Cuando sus dedos se posan delicadamente sobre mi jersey oscuro siento el frío de su tacto. Pero es una sensación grata, tanto que me arranca un suspiro que espero no haya oído. Ella sigue observando el avance de sus dedos a través de mi pecho, haciendo presión aquí y allá de vez en cuando, supongo que para comprobar que no puede atravesarme. Podría permitirlo, pero prefiero que no lo haga. Quiero que siga creyéndome sólido.
—Pareces tan real —me dice cuando alza la mirada, separando sus dedos de mi pecho.
Estoy seguro de que ambos lamentamos el fin de ese contacto.
—Bueno, no soy un producto de tu imaginación si te refieres a eso —le digo.
—¿Cómo es cuando vivías? —Me pregunta—. «Alastair: amante y amigo». ¿Tenías novia? ¿Y buenos amigos?
—Sí, tenía buenos amigos, pues la hueste unía a los hombres, y a mi edad incluso ya debería haber estado casado y tener hijos —le respondo—. Pero estábamos en guerra, éramos unos esclavos de los señores del sur, y el derecho de pernada nos hacía aborrecer el matrimonio, pues a ningún hombre le apetecía que el señor se llevara a su esposa y la desflorase en la noche de bodas.

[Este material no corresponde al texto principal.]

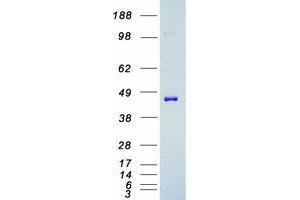 Validation with Western Blot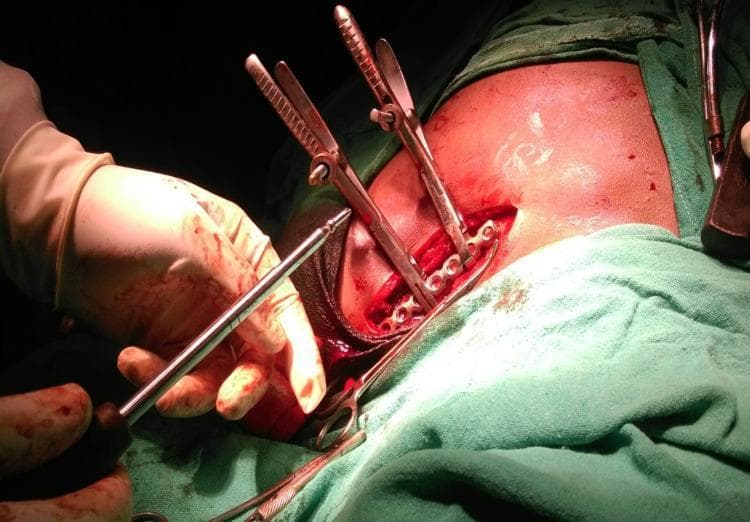 An intraoperative clinical photograph demonstrating an Open Reduction Internal Fixation (ORIF) of a midshaft clavicle fracture. The image shows a sterile surgical field with an incision exposing the clavicle's anterosuperior surface. A contoured anatomical locking compression plate is positioned across the fracture site. Two pointed reduction clamps are applied to maintain cortical alignment and bone-to-plate contact. A gloved hand is visible using a screwdriver or drill bit to secure fixation screws through the plate's circular and elongated dynamic compression holes. The surgical area is bounded by green sterile drapes and shows minor physiological hemorrhage typical of orthopedic procedures. This visual illustrates the surgical technique for managing displaced clavicular fractures, highlighting the relationship between the anatomical plate, temporary reduction clamps, and permanent screw fixation for interfragmentary compression and stability.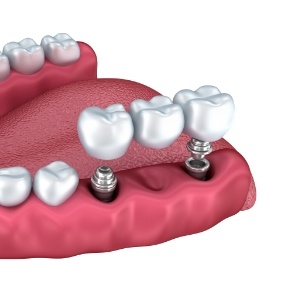 Animated dental implant supported fixed bridge placement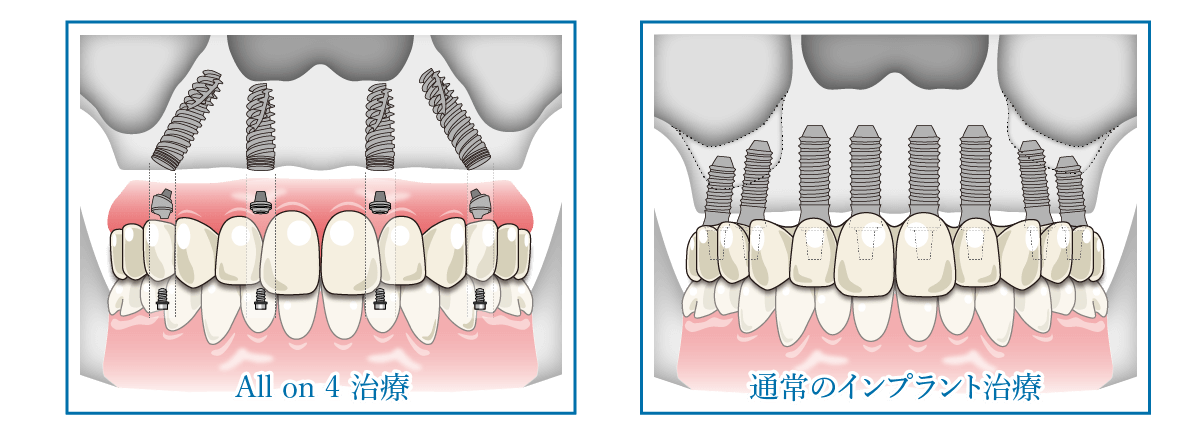 これまでのインプラントとの違い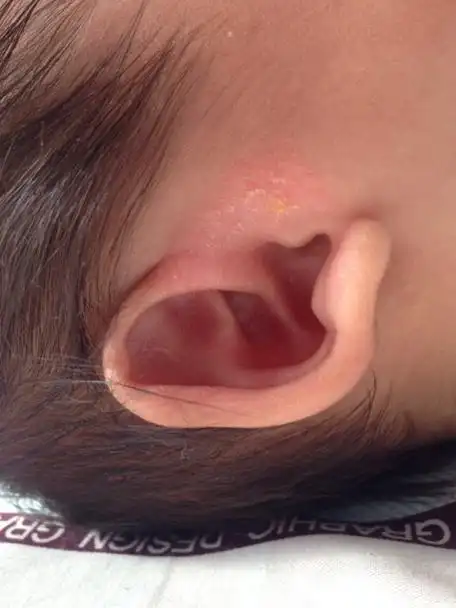 婴儿湿疹引起耳朵流脓怎么办_婴儿湿疹长到耳朵里_宝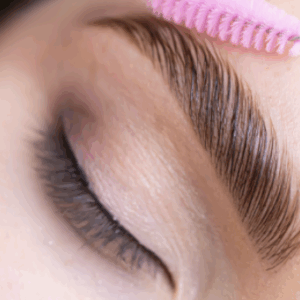 Browlift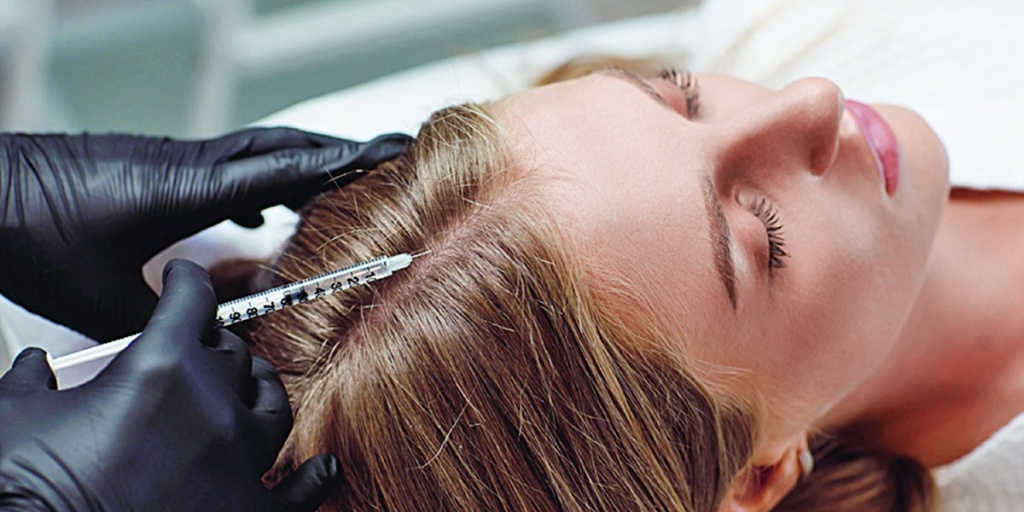 Плазмотерапия волосистой части головы в Москве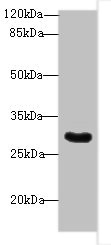 SNRNP35 Antibody - Western blot All lanes: Snrnp35 antibody at 12µg/ml + Jurkat whole cell lysate Secondary Goat polyclonal to rabbit IgG at 1/10000 dilution Predicted band size: 29 kDa Observed band size: 29 kDa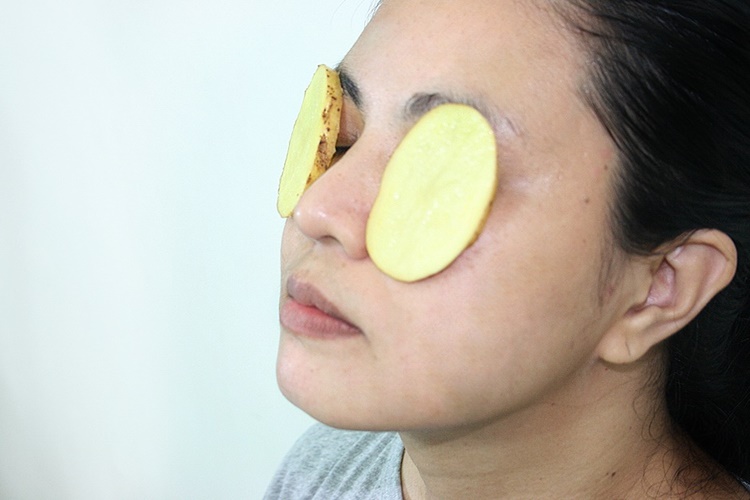  Göz Şişliğine Patates İyi Gelir Mi?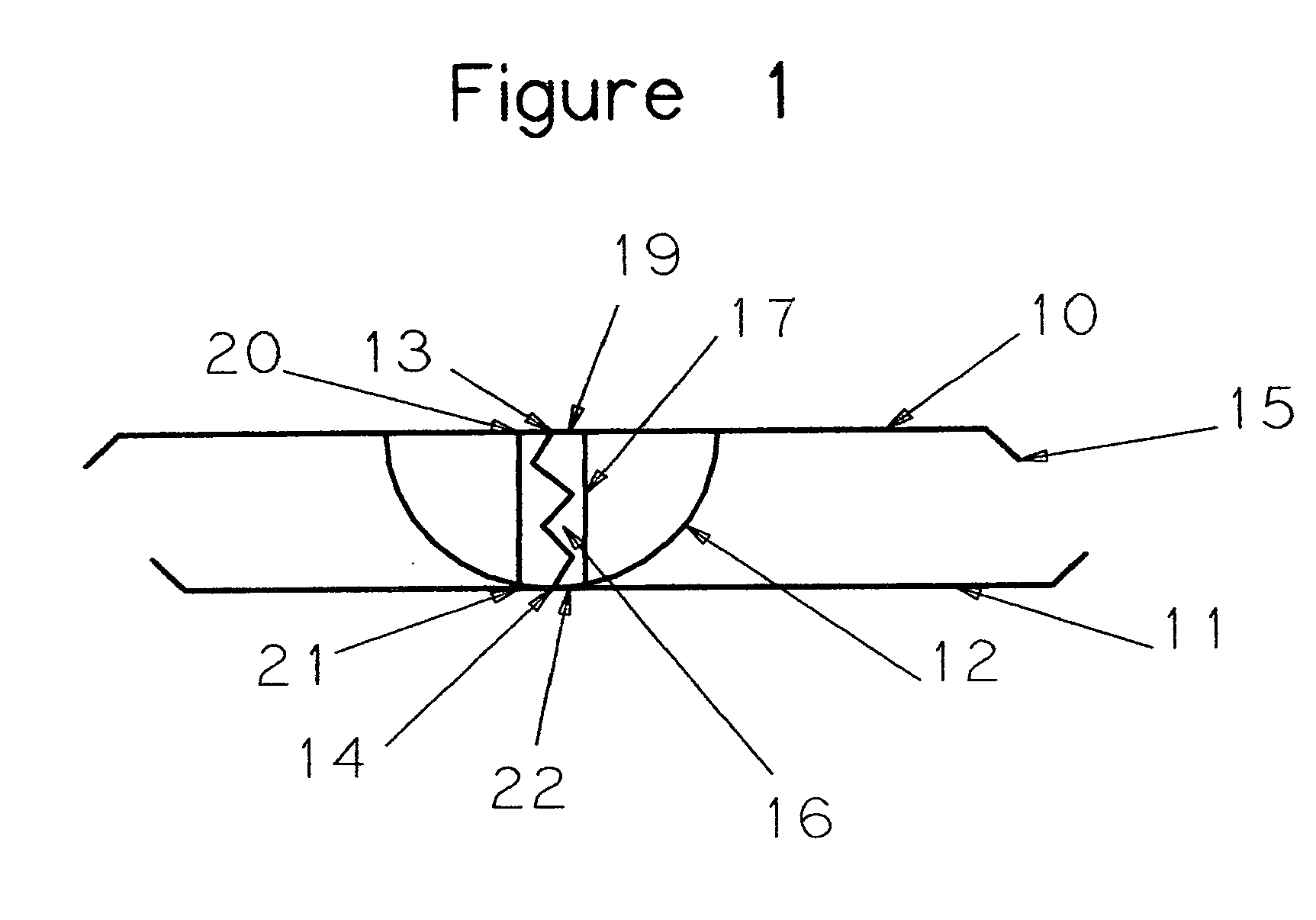 Rehabilitation apparatus for lumbosacral spine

—¿La querías? —está pensando en quién me consideró su amante, pese a que sea difícil saber por qué lo hace.
—No lo sé, hace mucho tiempo de eso. Era un matrimonio concertado, en mi época eso era lo normal. Supongo que le tenía algún cariño, y ella me lo tenía a mí. Recuerdo que, después de que muriera en aquella batalla, ella venía a menudo a visitar mi tumba. Yo me sentaba frente a ella y la miraba, la acompañaba porque me hacía sentir mal que perdiera el tiempo de aquella forma. Pero luego sus visitas se fueron haciendo más escasas. La última vez que vino llevaba el cabello recogido, como las mujeres casadas, y tenía más arrugas en la frente y un niño agarrado a las faldas. Supongo que me quiso; si no, no me habría recordado tanto tiempo, pero espero que fuera feliz con el nuevo marido que le asignaran.